• [Records from a collection]
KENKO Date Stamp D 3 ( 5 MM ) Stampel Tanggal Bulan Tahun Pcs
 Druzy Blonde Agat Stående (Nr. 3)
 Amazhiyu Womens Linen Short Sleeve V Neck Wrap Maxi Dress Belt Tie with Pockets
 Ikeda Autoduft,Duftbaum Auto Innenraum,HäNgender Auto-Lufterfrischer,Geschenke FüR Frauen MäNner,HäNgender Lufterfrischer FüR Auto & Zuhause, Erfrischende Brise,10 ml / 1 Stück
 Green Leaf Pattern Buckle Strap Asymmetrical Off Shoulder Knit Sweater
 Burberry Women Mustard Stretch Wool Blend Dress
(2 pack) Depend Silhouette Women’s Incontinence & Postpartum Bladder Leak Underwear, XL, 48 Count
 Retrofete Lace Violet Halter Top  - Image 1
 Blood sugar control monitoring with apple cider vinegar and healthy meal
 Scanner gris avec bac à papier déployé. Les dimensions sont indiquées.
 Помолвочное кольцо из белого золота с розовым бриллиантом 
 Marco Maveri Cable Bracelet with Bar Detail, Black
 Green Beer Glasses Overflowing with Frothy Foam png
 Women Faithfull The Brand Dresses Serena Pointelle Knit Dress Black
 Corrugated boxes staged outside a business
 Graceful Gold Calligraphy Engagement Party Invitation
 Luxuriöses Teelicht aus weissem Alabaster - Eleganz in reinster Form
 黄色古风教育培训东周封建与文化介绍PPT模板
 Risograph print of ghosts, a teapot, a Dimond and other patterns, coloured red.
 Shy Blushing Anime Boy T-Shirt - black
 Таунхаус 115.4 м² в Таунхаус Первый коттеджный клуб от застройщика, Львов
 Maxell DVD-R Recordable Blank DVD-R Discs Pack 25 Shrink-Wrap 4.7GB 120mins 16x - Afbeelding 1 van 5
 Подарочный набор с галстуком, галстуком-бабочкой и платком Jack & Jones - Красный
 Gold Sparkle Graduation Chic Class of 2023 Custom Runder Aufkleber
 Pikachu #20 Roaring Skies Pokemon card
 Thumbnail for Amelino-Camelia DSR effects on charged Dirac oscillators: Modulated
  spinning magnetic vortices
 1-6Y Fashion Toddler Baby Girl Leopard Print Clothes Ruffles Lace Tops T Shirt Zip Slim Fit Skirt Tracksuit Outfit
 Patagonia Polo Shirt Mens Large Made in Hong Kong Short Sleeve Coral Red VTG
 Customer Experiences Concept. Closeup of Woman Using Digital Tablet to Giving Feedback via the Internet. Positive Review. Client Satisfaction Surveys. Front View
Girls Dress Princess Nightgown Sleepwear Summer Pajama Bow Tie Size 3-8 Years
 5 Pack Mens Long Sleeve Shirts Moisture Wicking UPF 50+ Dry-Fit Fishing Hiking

• [Work task] Starting at the line above that contains "Таунхаус 115.4 м²", write out each line exactly until the line that contains "spinning magnetic vortices" has been written, and stop there.

• [Solved problem]
 Таунхаус 115.4 м² в Таунхаус Первый коттеджный клуб от застройщика, Львов
 Maxell DVD-R Recordable Blank DVD-R Discs Pack 25 Shrink-Wrap 4.7GB 120mins 16x - Afbeelding 1 van 5
 Подарочный набор с галстуком, галстуком-бабочкой и платком Jack & Jones - Красный
 Gold Sparkle Graduation Chic Class of 2023 Custom Runder Aufkleber
 Pikachu #20 Roaring Skies Pokemon card
 Thumbnail for Amelino-Camelia DSR effects on charged Dirac oscillators: Modulated
  spinning magnetic vortices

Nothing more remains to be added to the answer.